BEGIN Given records
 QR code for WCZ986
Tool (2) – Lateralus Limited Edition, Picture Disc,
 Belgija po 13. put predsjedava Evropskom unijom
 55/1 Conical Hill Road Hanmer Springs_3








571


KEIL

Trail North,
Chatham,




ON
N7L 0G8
END Given records
BEGIN Given records
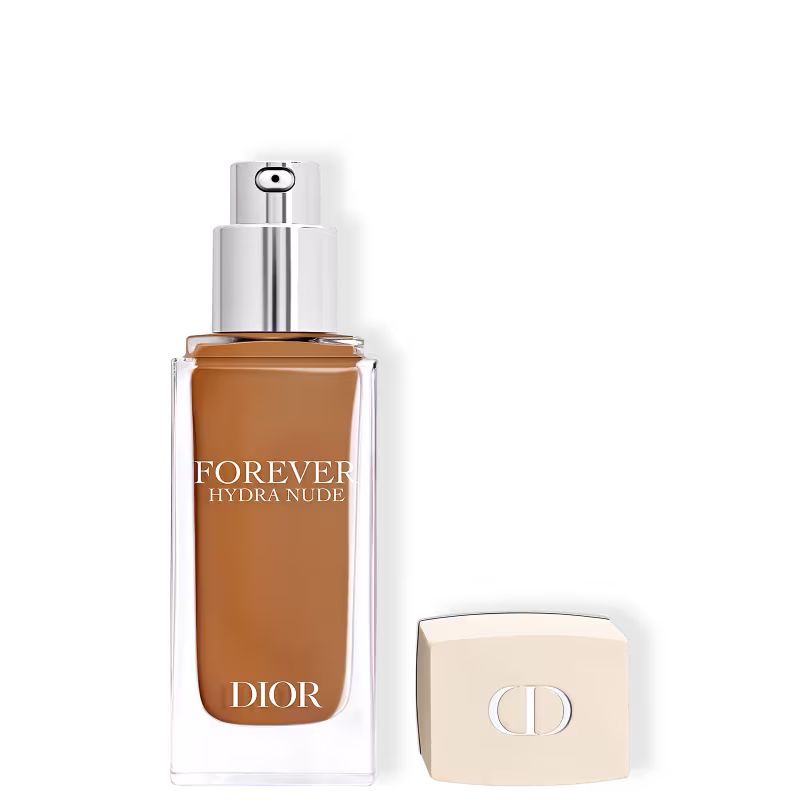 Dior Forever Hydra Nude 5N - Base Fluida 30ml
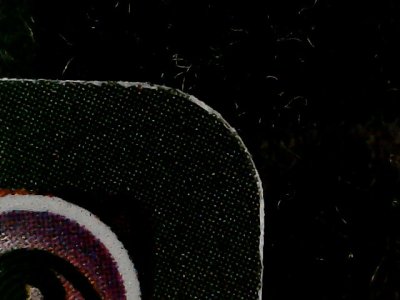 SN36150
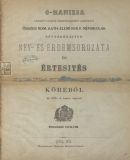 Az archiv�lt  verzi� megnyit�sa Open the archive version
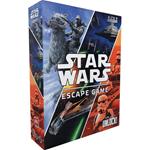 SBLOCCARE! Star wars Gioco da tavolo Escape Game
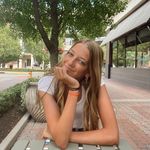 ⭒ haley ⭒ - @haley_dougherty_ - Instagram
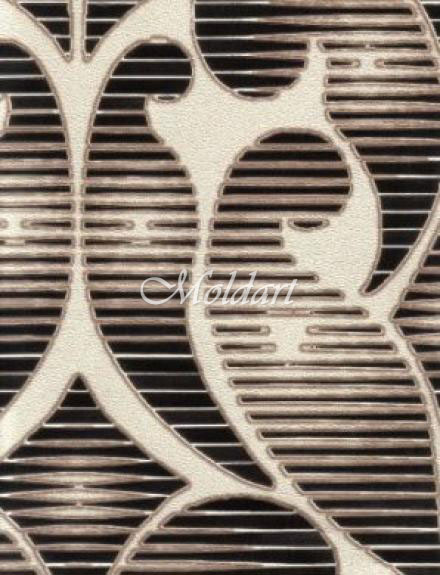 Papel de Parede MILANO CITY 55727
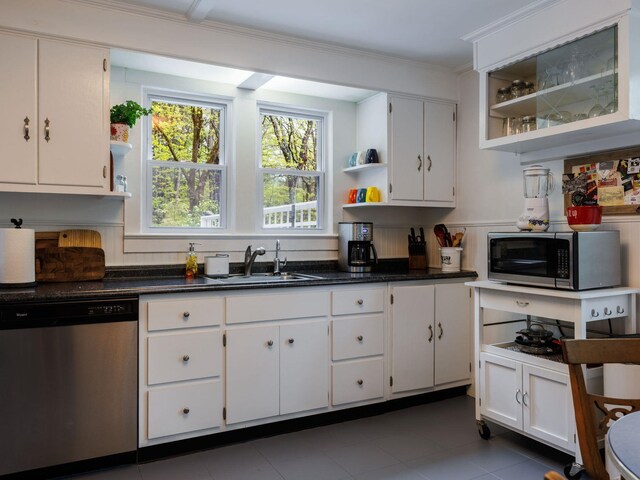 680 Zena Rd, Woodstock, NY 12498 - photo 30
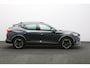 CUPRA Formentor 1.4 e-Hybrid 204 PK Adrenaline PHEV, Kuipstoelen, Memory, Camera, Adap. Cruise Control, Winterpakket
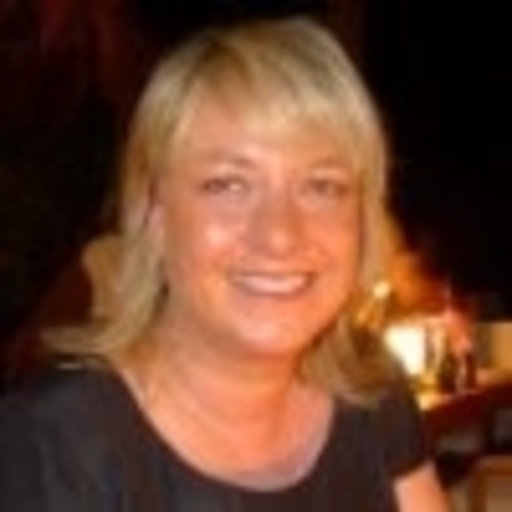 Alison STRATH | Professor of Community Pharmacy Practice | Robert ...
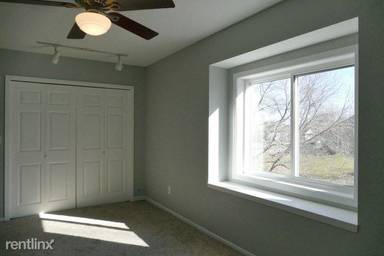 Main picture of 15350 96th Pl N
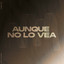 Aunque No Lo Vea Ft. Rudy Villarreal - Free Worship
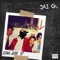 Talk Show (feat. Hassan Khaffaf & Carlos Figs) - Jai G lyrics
END Given records
Your task is to copy only the lines above starting at the one containing "SBLOCCARE! Star wars" and ending at the one containing "Talk Show (feat.". Copy them exactly, both ends included, and omit the pictures.

## Exercise output
 SBLOCCARE! Star wars Gioco da tavolo Escape Game
 ⭒ haley ⭒ - @haley_dougherty_ - Instagram
 Papel de Parede MILANO CITY 55727
 680 Zena Rd, Woodstock, NY 12498 - photo 30
 CUPRA Formentor 1.4 e-Hybrid 204 PK Adrenaline PHEV, Kuipstoelen, Memory, Camera, Adap. Cruise Control, Winterpakket
 Alison STRATH | Professor of Community Pharmacy Practice | Robert ...
 Main picture of 15350 96th Pl N
 Aunque No Lo Vea Ft. Rudy Villarreal - Free Worship
 Talk Show (feat. Hassan Khaffaf & Carlos Figs) - Jai G lyrics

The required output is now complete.